What to work on: Repeat what the lines below say, word for word, and skip every image.

** Exercise data follows **

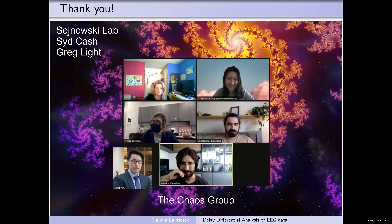I would like to thank the chaos group. Terry has been amazing. I work with Sid Cash, and I'm also working with Craig Clyde on a schizophrenia project. Thank you.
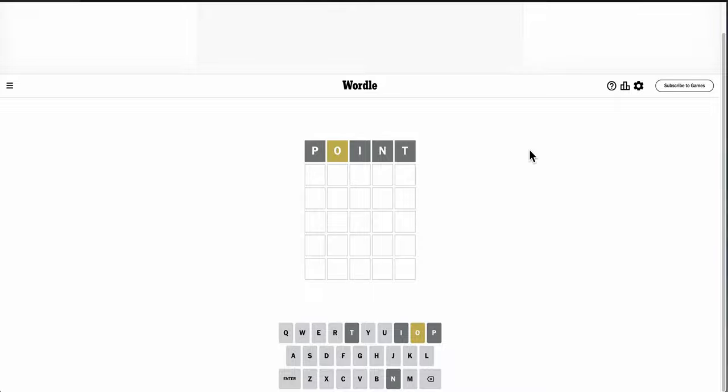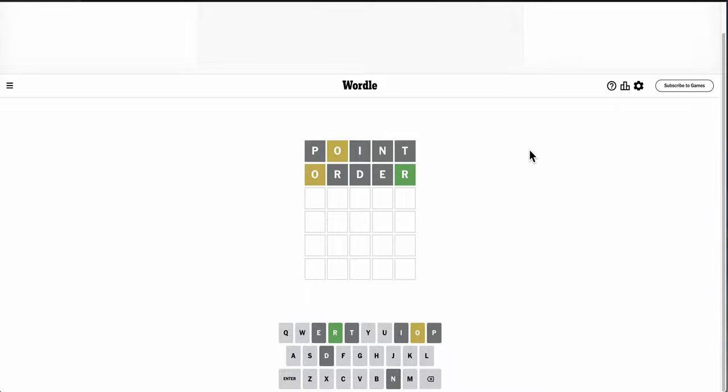It's very likely not to end in O. Could it start with O? O-R-D-E-R. Seems a bit silly to use a repeat letter this early, but... Okay, there's no repeat R.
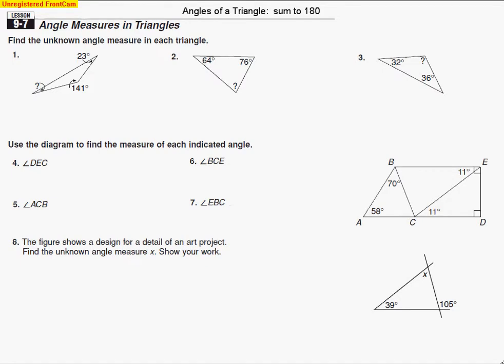Today we are going to be dealing with angles of a triangle. The rule about angles of a triangle is that all the angles add up to 180 degrees — all angles sum to 180 degrees — and we're going to use that property to find the unknown angle measure in each of the triangles.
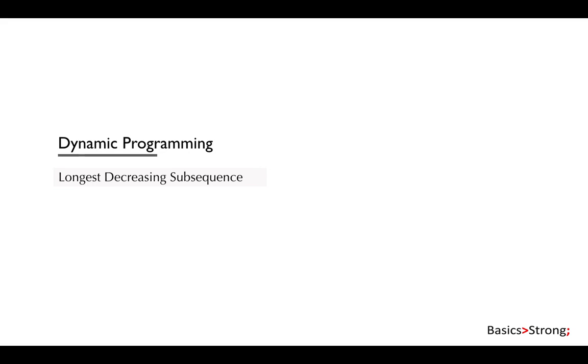Hey friends, welcome back. The next DP problem that we're going to discuss is Longest Decreasing Subsequence.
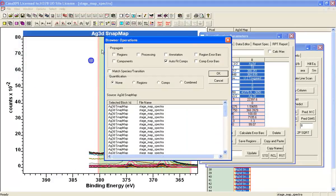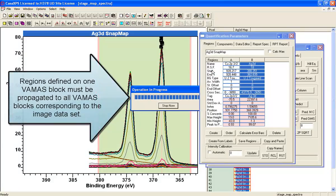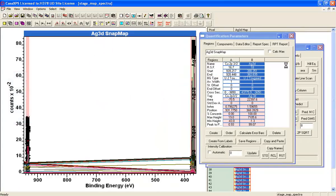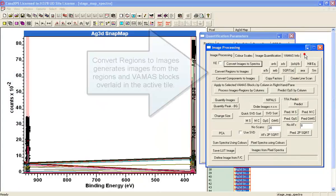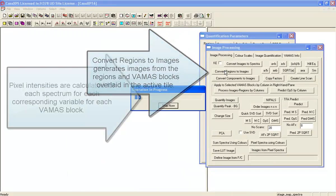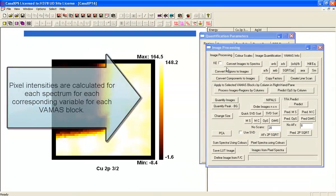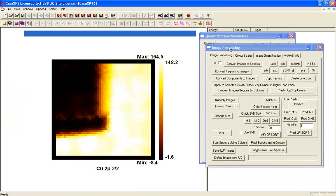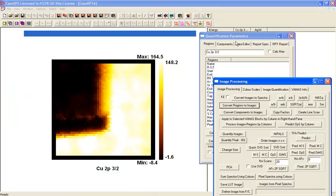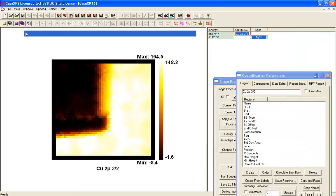We propagate the regions. These are overlaid in the active tile so I can then convert regions to images, and so we get our first view of what these images look like.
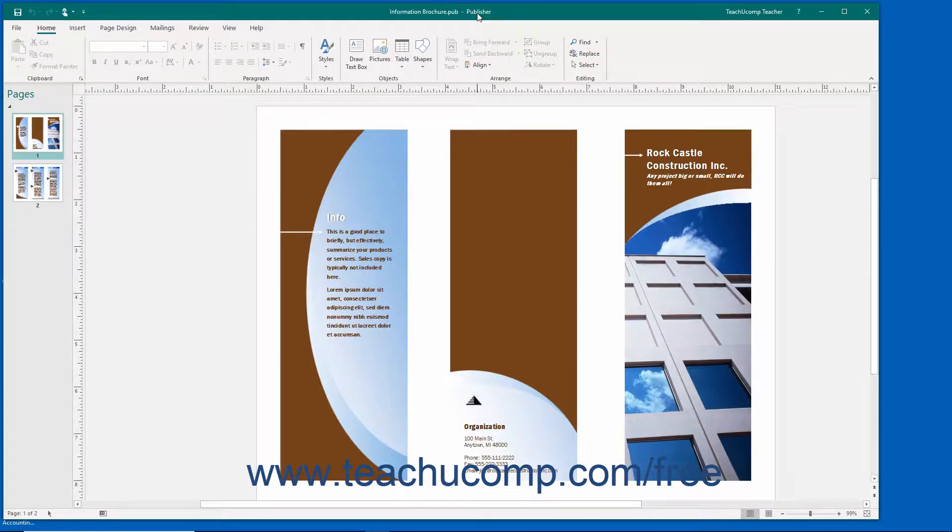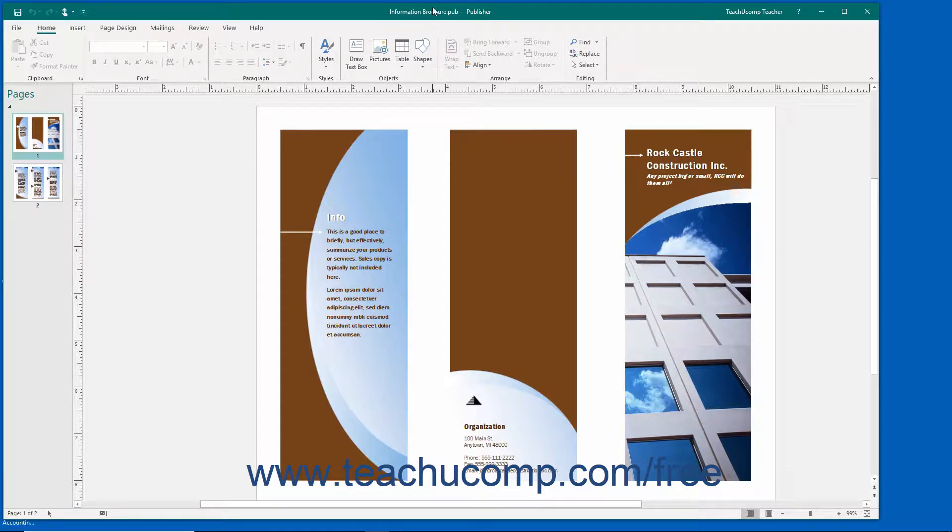The title bar runs across the very top of the window. The name of the publication you are working on will be displayed here.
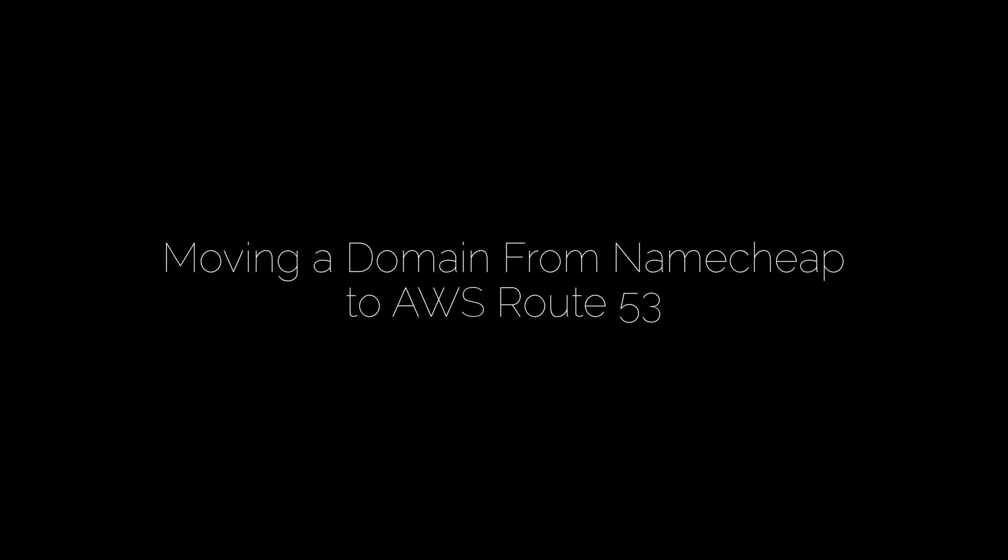In this tutorial, I'm going to show you how to migrate a domain from Namecheap to AWS Route53.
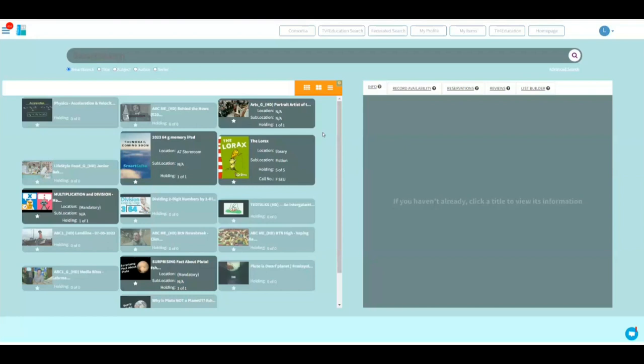So you've come back from a seminar, you've come back from a webinar, you've come back from talking to colleagues, and they're all talking about this particular program that was aired on Channel 9 or Foxtel or whatever. How do I go about requesting content? That's easy. You will not find that in the school's collection — you go to TV for Education.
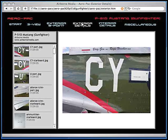You'll also see rivets, panel lines, the top and bottom of wings, and more. Also included in this window are photos of the insignias, logos, and nomenclature, shot head-on for easier duplication on your part.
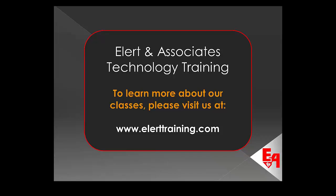To learn more about our classes, please visit us at www.ellerttraining.com.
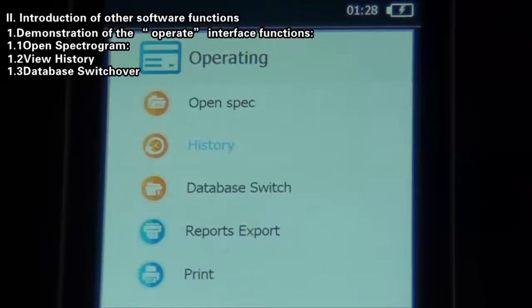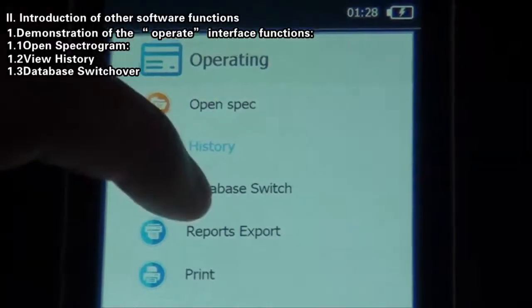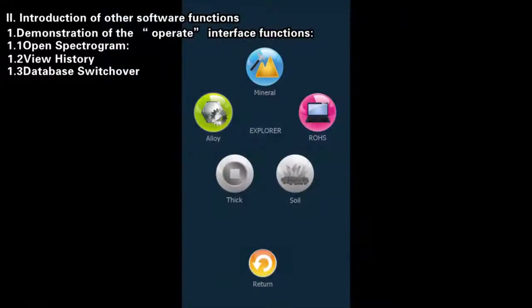Database Switch Over: Click Database Switch Over to carry out the selection of Industrial Database Spectrogram. After the selection, the software will automatically reboot and enter into the main interface.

** End of Exercise data **

Exercise output:
I would like to thank the chaos group. Terry has been amazing. I work with Sid Cash, and I'm also working with Craig Clyde on a schizophrenia project. Thank you.
It's very likely not to end in O. Could it start with O? O-R-D-E-R. Seems a bit silly to use a repeat letter this early, but... Okay, there's no repeat R.
Today we are going to be dealing with angles of a triangle. The rule about angles of a triangle is that all the angles add up to 180 degrees — all angles sum to 180 degrees — and we're going to use that property to find the unknown angle measure in each of the triangles.
Hey friends, welcome back. The next DP problem that we're going to discuss is Longest Decreasing Subsequence.
We propagate the regions. These are overlaid in the active tile so I can then convert regions to images, and so we get our first view of what these images look like.
The title bar runs across the very top of the window. The name of the publication you are working on will be displayed here.
In this tutorial, I'm going to show you how to migrate a domain from Namecheap to AWS Route53.
So you've come back from a seminar, you've come back from a webinar, you've come back from talking to colleagues, and they're all talking about this particular program that was aired on Channel 9 or Foxtel or whatever. How do I go about requesting content? That's easy. You will not find that in the school's collection — you go to TV for Education.
You'll also see rivets, panel lines, the top and bottom of wings, and more. Also included in this window are photos of the insignias, logos, and nomenclature, shot head-on for easier duplication on your part.
To learn more about our classes, please visit us at www.ellerttraining.com.
Database Switch Over: Click Database Switch Over to carry out the selection of Industrial Database Spectrogram. After the selection, the software will automatically reboot and enter into the main interface.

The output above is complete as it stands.